From Digital Music News:
Motorola Jumps on iTunes Phone: Motorola may have taken the cake Thursday at CES, unwrapping an iTunes-compatible phone. The new mobile device mirrors the functionality of an iPod, syncing digital music collections and borrowing key user interface aspects. Motorola EVP Ron Garriques strutted the phone in front of a packed audience, demonstrating the device as just one of many upcoming, music-focused devices. But Garriques stopped short of offering a live date for the mobile sensation, though most now expect the device to drop within a month. For Garriques, the mobile revolution is ready to behead the web, with the executive pointing to a future when "the internet is no longer visible, and the PC is a peripheral".
While I whole-heartedly agree with that last sentence I can't quite see why people would buy 99cents music downloads on a cell phone / mobile music device, any more than they are / rather - are not - buying it on ITunes - as a gimmick for the first couple of times, yes, but after that... I don't think so. 99cents for SOME tracks, ok, but for every track? For the price of 10 tracks I could subscribe to Sirius of XM for th entire month - and now I can even freeze / time-sift (!!) 6 hours of music, as well. ITunes will find itself outmoded by subscriptions services, tethered download models, and radio-meets-download services.

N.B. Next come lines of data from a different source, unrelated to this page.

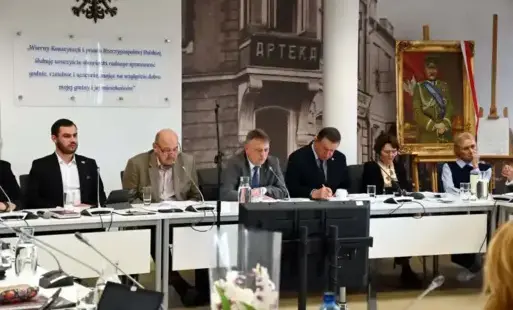 Zdjęcie do Stanowisko w sprawie wyrażenia poparcia dla realizacji, przedstawionego przez PKP Intercity S.A., planu rozwoju sieci połączeń kolejowych, obejmującego relację Warszawa-Gdynia przez Sierpc - z uwzględnieniem Płońska 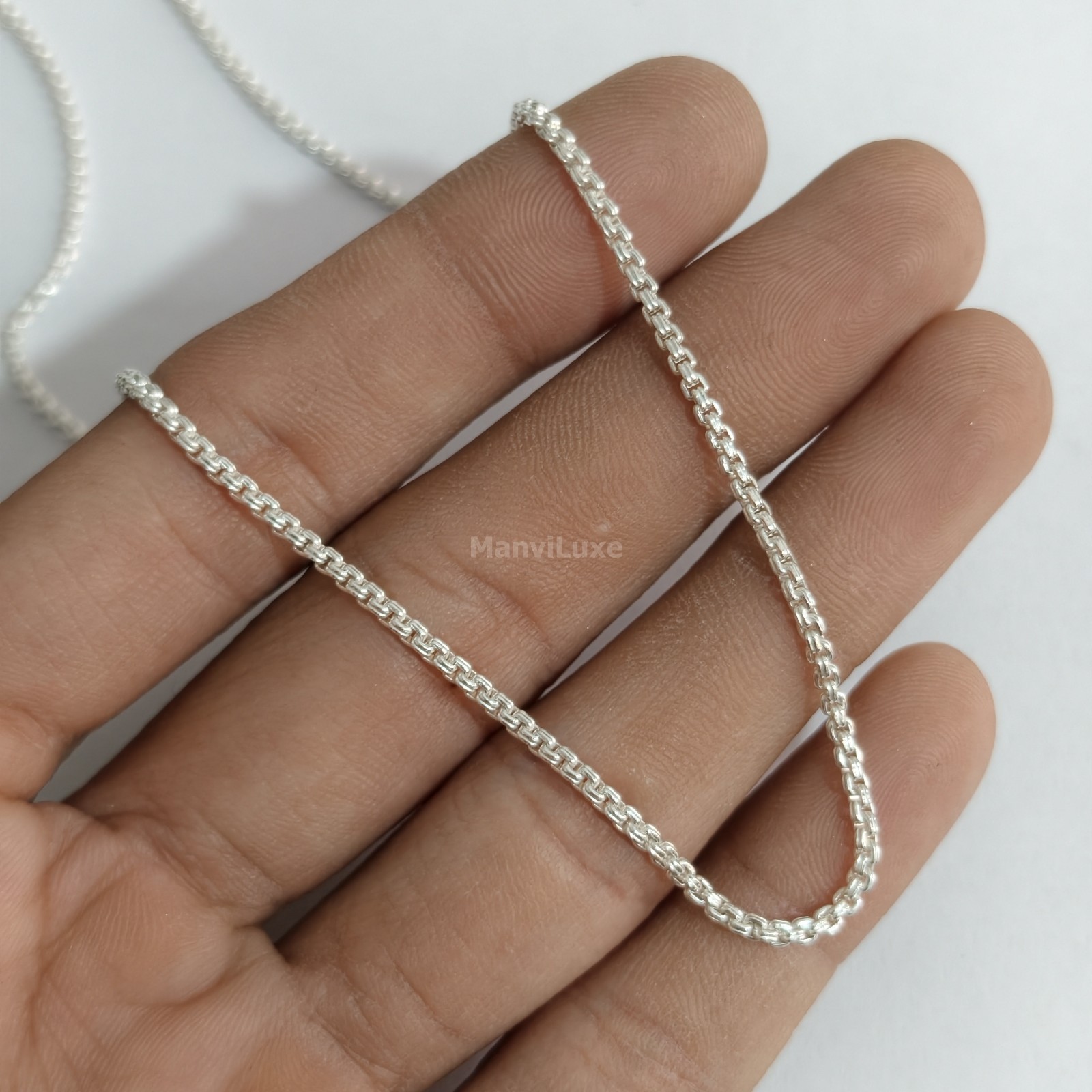 20″ Premium Silver Bonded Minimalist Woven Link Chain Necklace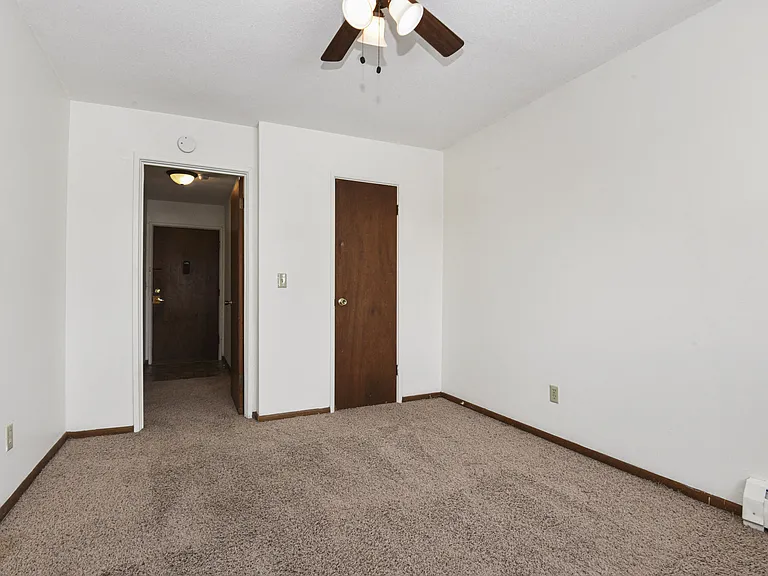 Covington Court — Photo 7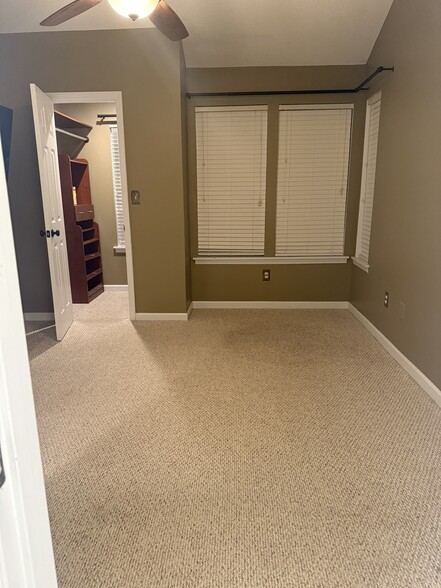 Master bedroom - 203 Lyons Cove Dr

But then again, neither Apple nor Motorola are about the MUSIC (sorry), they are about selling hardware -- their stuff. Guess where most music on those devices will come from - you guessed it: limewire, bit-torrent, edonkey et al, plus stream-rippers and transcoders will have a field day.
The bottom line: great stuff, Apple + Motorola (and btw, Apple Computer: I just made the switch of using both Macs and PCs) - but where's the economic killer app for the USER?